Gender Disparities in Labor Force Analysis (2024)
  • Home
  • Research Background
  • Analysis
    • Gender Disparities Overview
    • Data Cleaning & Preprocessing
    • Exploratory Data Analysis
    • Gender Dominance in Job Postings
    • Machine-Learning Models
    • NLP Analysis
    • Skill Gap Analysis
  • Career Strategy
  • About Us

On this page

  • Objective
  • Initial Dataset Overview
  • Dropping Redundant or Outdated Columns
  • Cleaning Messy List-Type Columns
  • Salary Fields: Cleaning and Preservation
  • Handling Missing Values
  • Standardizing the POSTED Date and Creating a Month Column
  • Removing Duplicate Job Postings
  • Exporting the Final Cleaned Dataset
  • Summary

Data Cleaning & Pre-Processing

  • Show All Code
  • Hide All Code

  • View Source

Preparing and Standardizing Lightcast Job Postings Data for Analysis

Objective

Data cleaning is the most critical phase in any analytics workflow.
Following the AD688 project requirements, our goals for this section are:

  • inspect the raw dataset structure,
  • identify and remove redundant or outdated columns,
  • fix inconsistent formatting (e.g., stringified list fields),
  • standardize salary fields and preserve them even when sparsely reported,
  • standardize datetime fields and create analysis-ready variables,
  • handle missing values using appropriate statistical strategies,
  • remove duplicate job postings,
  • export a clean, consistent dataset used across EDA, ML, and NLP sections.
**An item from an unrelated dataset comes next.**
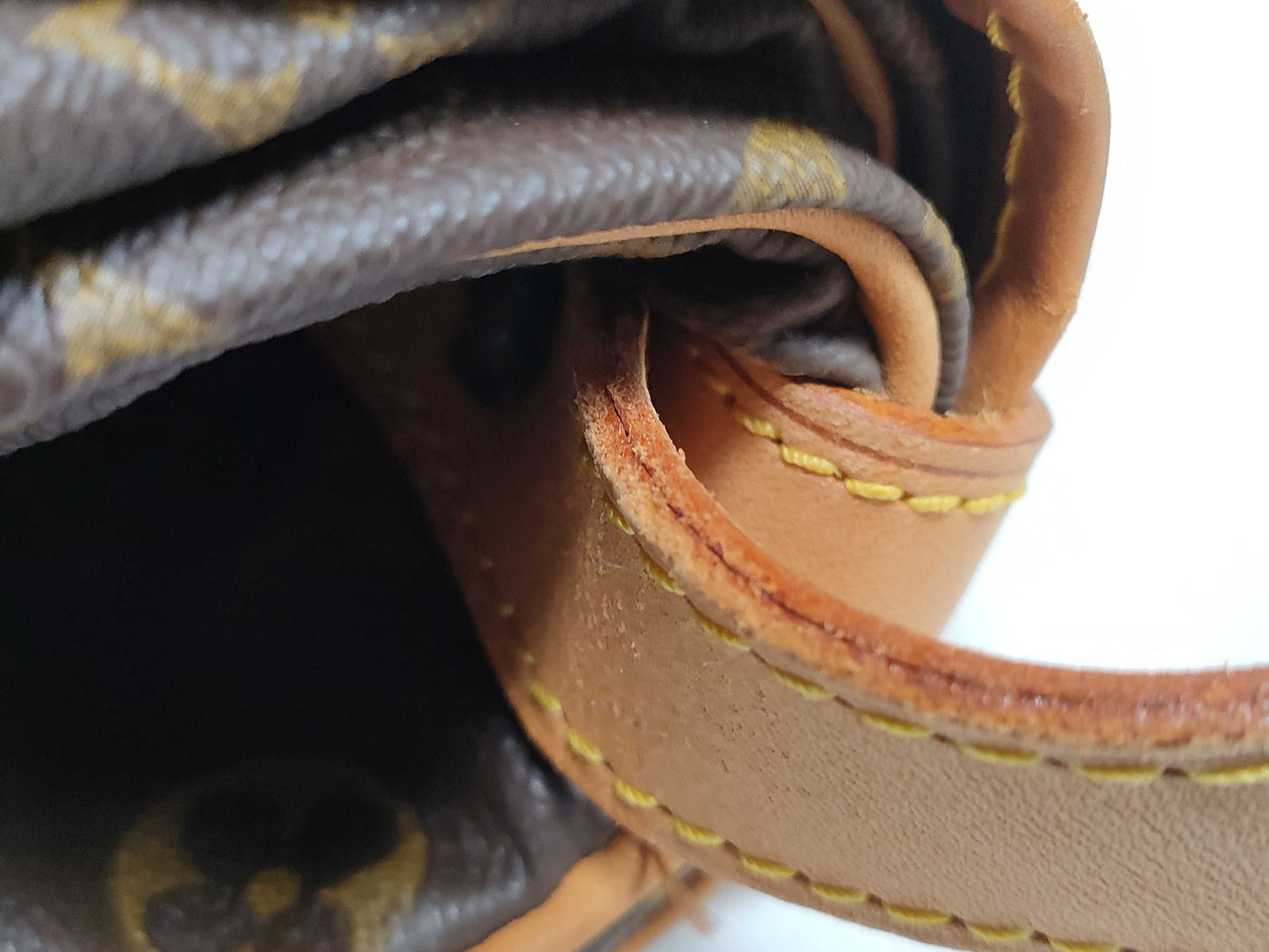 LOUIS VUITTON Monogram LV Monogram Saumur 43 M42252 AR8912 Shoulder Bag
This ensures accuracy, reproducibility, and coherence across the entire site.


Initial Dataset Overview

Code
import pandas as pd
import numpy as np
import ast
import re

# Load raw Lightcast job postings
df = pd.read_csv("data/lightcast_job_postings.csv", low_memory=False)

# Basic structural overview
# df.head()
# df.info()
# list(df.columns)

Dropping Redundant or Outdated Columns

Lightcast contains multiple versions of NAICS/SOC classifications, plus metadata fields (tracking URLs, flags, timestamps). We remove clearly redundant metadata and older classification versions while keeping the 2022 NAICS codes and 2021 SOC codes.

Code
columns_to_drop = [
    "ID", "URL", "ACTIVE_URLS", 
    "DUPLICATES", "LAST_UPDATED_TIMESTAMP", "NAICS2", 
    "NAICS3", "NAICS4", "NAICS5", "NAICS6",
    "SOC_2", "SOC_3", "SOC_5"
]

df.drop(
    columns=columns_to_drop, 
    inplace=True, 
    errors="ignore"
    )
# df.head()

Cleaning Messy List-Type Columns

Many Lightcast columns store lists as text such as:

[“Job Board”] [“disabledperson.com”, “dejobs.org”]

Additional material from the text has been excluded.